Representante da empresa no caso, o advogado Douglas Nadalini, sócio do Duarte Garcia, Caselli Guimarães e Terra Advogados, diz que a incorporadora seguiu as regras estabelecidas pelo órgão ambiental. Ele afirma ainda que são exigidos “índices de qualidade extremos” para que o imóvel tenha o uso declarado.
“O Estado de São Paulo tem a legislação brasileira mais moderna para tratar de remediação de áreas contaminadas. É inspirada em leis da Alemanha”, aponta o advogado. “As simulações envolvem testes de inalação e ingestão. Parte-se do extremo, como atestar que uma pessoa não correrá riscos se comer o solo daquele local por um período determinado”.
O advogado complementa que as exigências do MP – de recuperar integralmente a área – inviabilizariam qualquer negócio. “Teria que se fazer escavações tão absurdas, trazer solo limpo de outros lugares e fazer tratamentos de água pesados e extremamente caros. Além disso, sem nenhuma certeza de sucesso.”
Especialista na área, Ana Carolina Famá, do Viseu Advogados, entende como acertada a decisão do TJ-SP. “As empresas têm de procurar o órgão ambiental competente para receber as orientações e cumprir com o que foi determinado”, diz. Decisão diferente, ela afirma, traria insegurança jurídica.
Por outro lado, a advogada não interpreta como errado o conceito que o Ministério Público prega. “Porque a Constituição perpetua que a reparação deveria restituir o equilíbrio ecológico do ambiente. Há diferença para o posicionamento dos órgãos ambientais, que é mais técnico e próximo à realidade.”
A advogada Luciana Gil Ferreira, sócia do Bichara Advogados, lembra que a decisão de primeira instância foi em favor do Ministério Público – e que assustou os empresários. “Eu mesma enviei alerta aos meus clientes. Essa situação é muito preocupante porque quando se adquire um imóvel, assume-se o passivo da contaminação. A segurança de uso está justamente nas normas vigentes.

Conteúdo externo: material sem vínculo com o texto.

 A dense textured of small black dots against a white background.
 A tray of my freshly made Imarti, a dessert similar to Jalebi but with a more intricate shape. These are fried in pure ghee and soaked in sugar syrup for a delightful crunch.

Então, não dá para, de repente, rasgar tudo o que existe”, diz a advogada.
Para a especialista, discussões sobre a constitucionalidade das leis vigentes deveriam ser parte de um outro processo. Ela entende que o MP deveria ter ajuizado ação específica para declarar a inconstitucionalidade da legislação federal e estadual e não cobrar da empresa algo que não está previsto.
Procurado pelo Valor, o Ministério Público do Estado de São Paulo não deu retorno até o fechamento da edição.